Compare this with Go. Here I don’t even compile beforehand, and it’s already over five times faster.

$ time go run main.go wrongg
Did you mean wrong?

real    0m0.743s
user    0m0.830s
sys     0m0.075s

Here is how long it takes if I run the compiled binary.

$ time ./spella wrongg
Did you mean wrong?

real    0m0.489s
user    0m0.585s
sys     0m0.017s

I ran each one several times and the timings were roughly the same.

While writing the Go version, many times the compiler caught syntax and type errors, which was helpful in terms of productivity.

It was also nice not to worry about formatting or the ordering of imports in Go because at the end, I ran go fmt to clean up the code.

I started writing the Go version and then stopped for a week. When I came back to it, it was helpful to have the types. I could glance at a function signature and know what what it does and what it returns. Contrast that to the snippet

(defn distance
  [word1 word2]
  (StringUtils/getLevenshteinDistance word1 word2))

which, although I can infer that it returns an integer, I have to think about it for a second. If I’m calling a rather obscure method, I might have to go to its documentation. The types in the function signatures in Go are not just for type checking, they are also a form of documentation.

In my experience, static typing really does help catch errors earlier. Many times while working in large JavaScript projects, I accidentally used a string as a number at some point, and the error didn’t surface until much later, because it would work…until it didn’t.

Here I try to return an int in Go where I intend to return a string, and the code doesn’t compile.

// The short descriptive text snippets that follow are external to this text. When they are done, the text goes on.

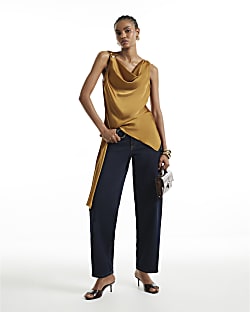 Yellow Satin Buckle Draped Sash Top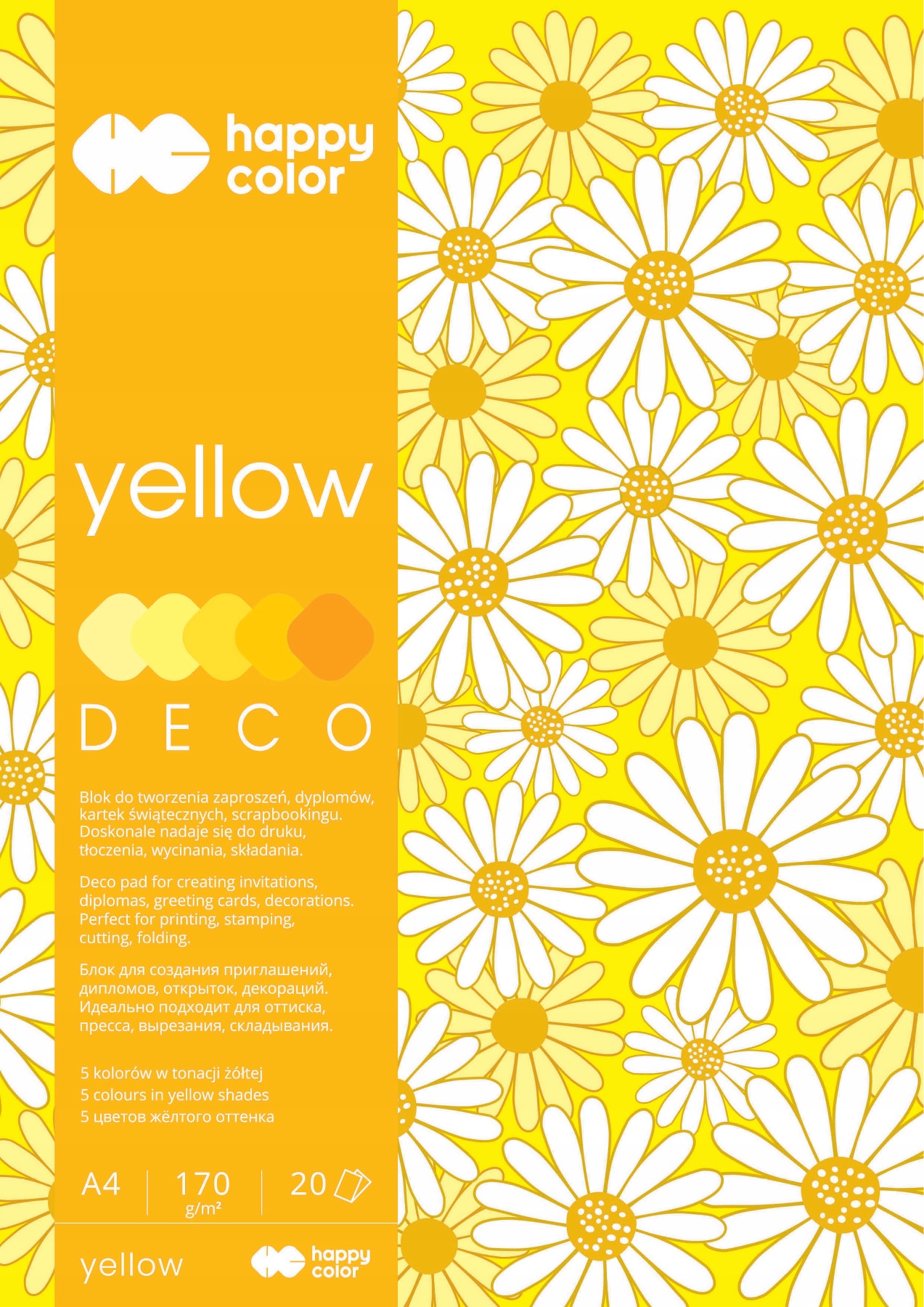 Happy Color BLOK DECO YELLOW A4 170g 20 kartek EAN (GTIN) 5905130004995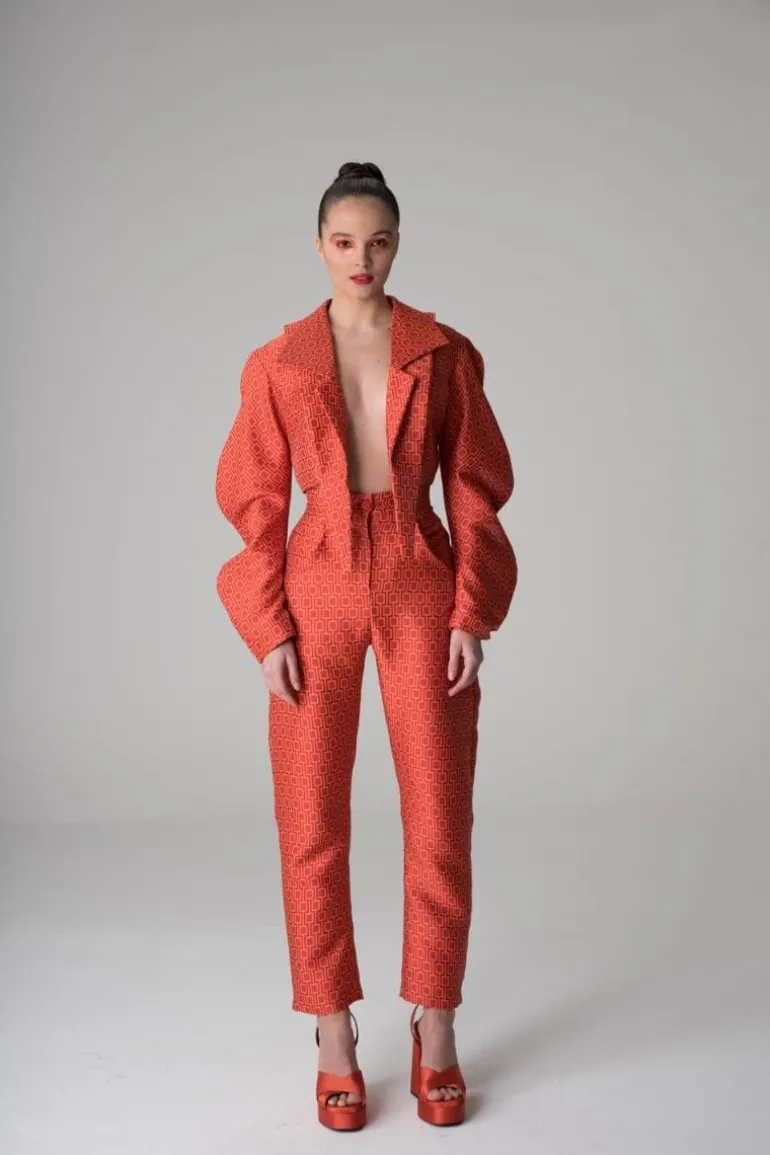 Pants<CULT MIA ORANGE MUSHROOM PANTS Orange/Red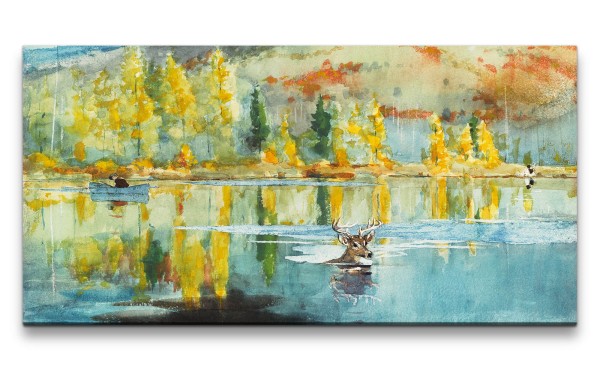 Remaster 120x60cm Winslow Homer weltberühmtes Wandbild An October Day Wunderschöne Landschaft See Hi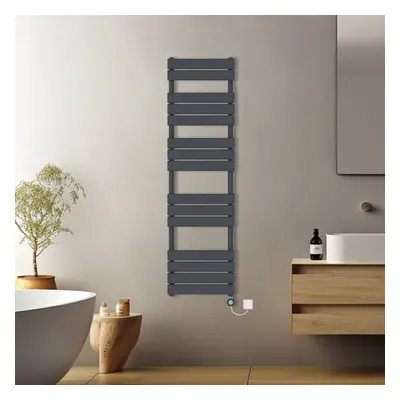 (Anthracite, 1600x450mm) Prefilled Electric Flat Panel Heated Towel Rail Radiator Thermostatic W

./main.go:71:9: cannot use 5 (type untyped int) as type string in return argument

It feels so much better to catch this error here, and not in production where customers are using it and are potentially affected by any bugs it may cause.

Clojure has the advantage of being concise, being easy to read once you understand the syntax, and offering escape hatches to Java. For something small like this spell checker, it’s perfect because you can get it done in 27 lines, 5 of which are blank lines. It’s really not that much code, which indicates that Clojure may be at a good level of abstraction for a problem like this.

Go took 77 lines to accomplish the same, and half my time was spent writing boilerplate. However, without paying any attention to optimizing the performance of either program, the Go version ended up being over five times faster.

Making small sample projects like this one when deciding between new programming languages, frameworks, or other tools doesn’t take much time but provides a lot of value. Every step I took in writing the programs resulted in a lot of observations, many of which didn’t make it into this post. These observations might be a good representation of the general benefits or drawbacks you’ll encounter using the particular technology on a larger scale, or at you’ll have an idea of what your team will be facing on a daily basis.